_Material provided_:

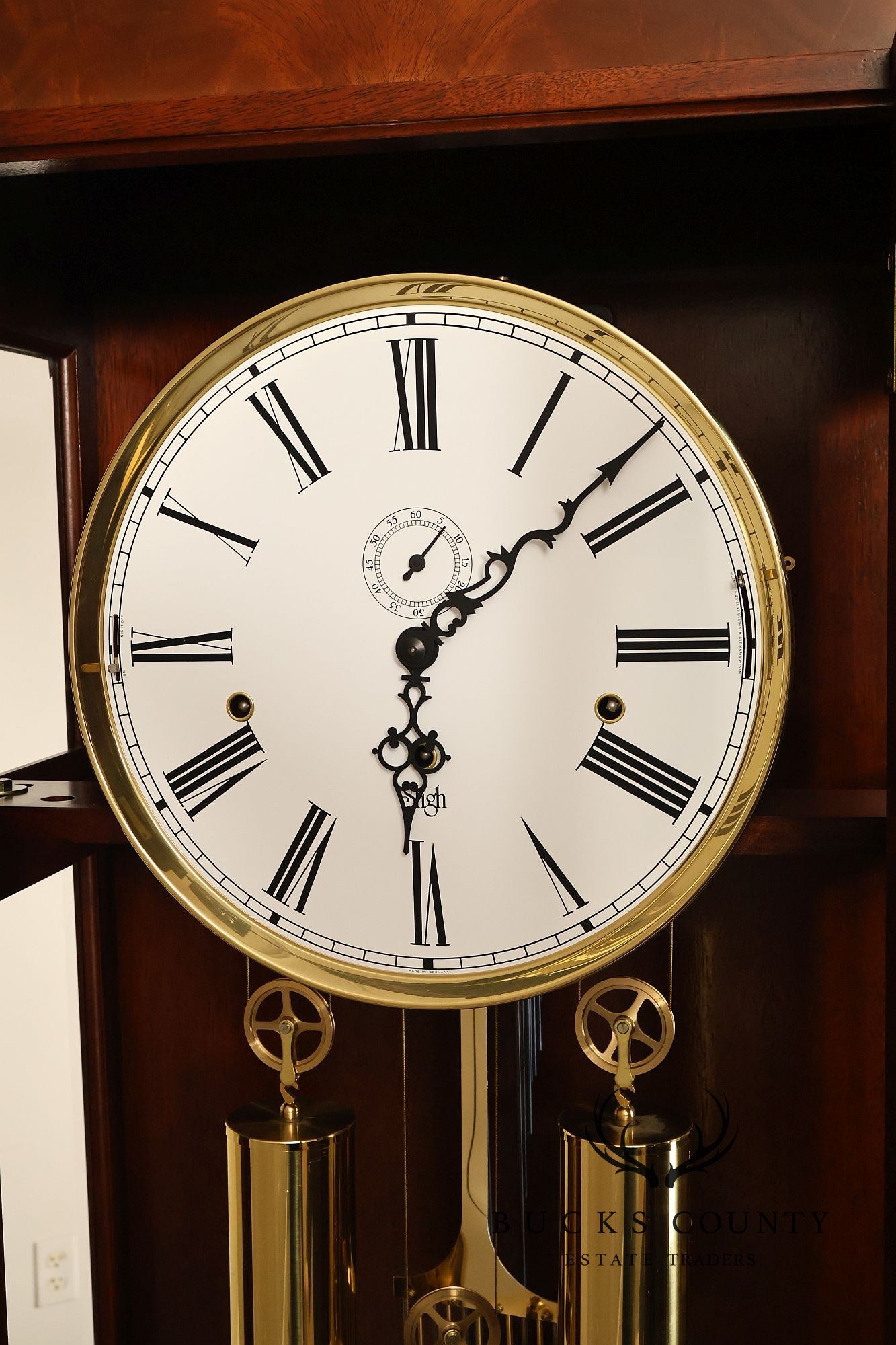 Sligh Dorset Flame Mahogany Grandfather Clock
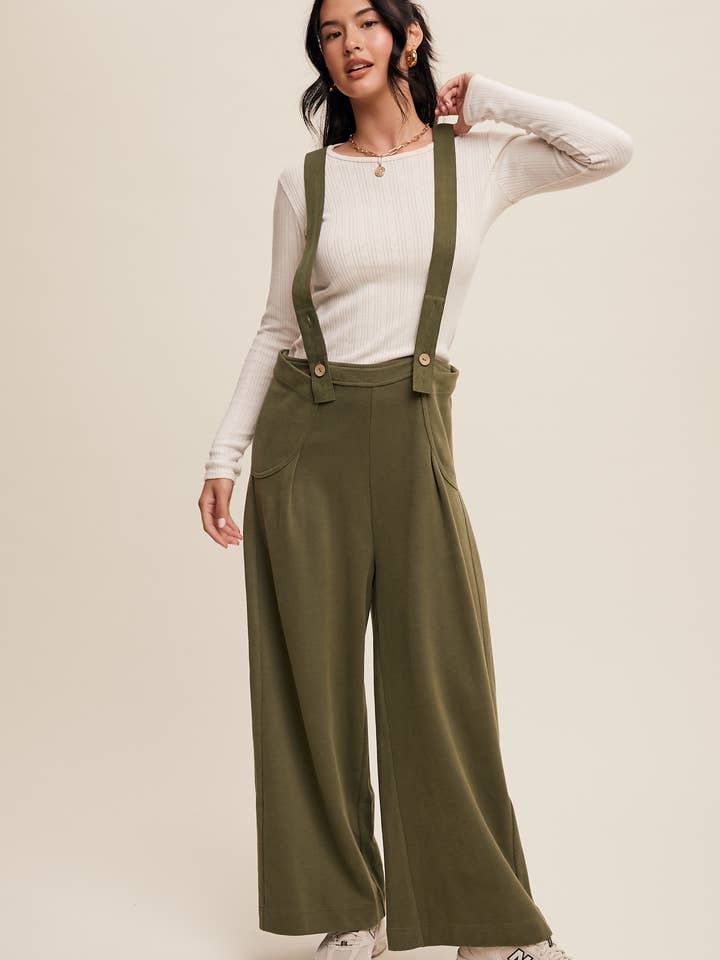 Buksedragt med brede ben og seler for engroshandel hos Listicle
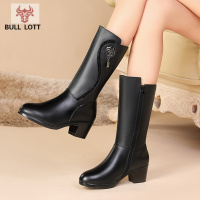 公牛乐途2021真皮中筒靴女棉靴子防滑妈妈秋冬季保暖羊毛中跟加绒高跟皮靴棉鞋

_Your instructions_:
Every word of the data should be reproduced exactly; please omit any pictures.

_Response to this task_:
 Sligh Dorset Flame Mahogany Grandfather Clock
 Buksedragt med brede ben og seler for engroshandel hos Listicle
 公牛乐途2021真皮中筒靴女棉靴子防滑妈妈秋冬季保暖羊毛中跟加绒高跟皮靴棉鞋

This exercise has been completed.